» GIVEN RECORDS:
# # # # #
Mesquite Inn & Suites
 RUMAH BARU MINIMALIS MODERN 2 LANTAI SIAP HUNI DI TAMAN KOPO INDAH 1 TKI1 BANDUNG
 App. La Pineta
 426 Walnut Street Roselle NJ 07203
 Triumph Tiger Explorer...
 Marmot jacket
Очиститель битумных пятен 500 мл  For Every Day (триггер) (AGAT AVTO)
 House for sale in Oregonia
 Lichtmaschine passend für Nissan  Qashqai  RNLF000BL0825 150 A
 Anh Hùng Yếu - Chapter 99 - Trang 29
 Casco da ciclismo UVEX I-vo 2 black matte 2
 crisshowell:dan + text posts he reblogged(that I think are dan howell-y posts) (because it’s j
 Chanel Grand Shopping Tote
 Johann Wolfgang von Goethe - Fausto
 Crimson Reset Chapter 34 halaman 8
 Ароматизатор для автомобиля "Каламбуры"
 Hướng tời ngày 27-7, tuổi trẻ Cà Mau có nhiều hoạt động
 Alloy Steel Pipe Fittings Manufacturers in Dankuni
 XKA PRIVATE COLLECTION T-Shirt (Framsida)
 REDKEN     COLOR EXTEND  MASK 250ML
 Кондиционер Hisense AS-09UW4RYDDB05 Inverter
# # # # #
» WHAT TO DO: Which lines run from the one containing "Hướng tời ngày" to the end of the records? Transcribe exactly those, both ends included.

» RESULT BELOW:
 Hướng tời ngày 27-7, tuổi trẻ Cà Mau có nhiều hoạt động
 Alloy Steel Pipe Fittings Manufacturers in Dankuni
 XKA PRIVATE COLLECTION T-Shirt (Framsida)
 REDKEN     COLOR EXTEND  MASK 250ML
 Кондиционер Hisense AS-09UW4RYDDB05 Inverter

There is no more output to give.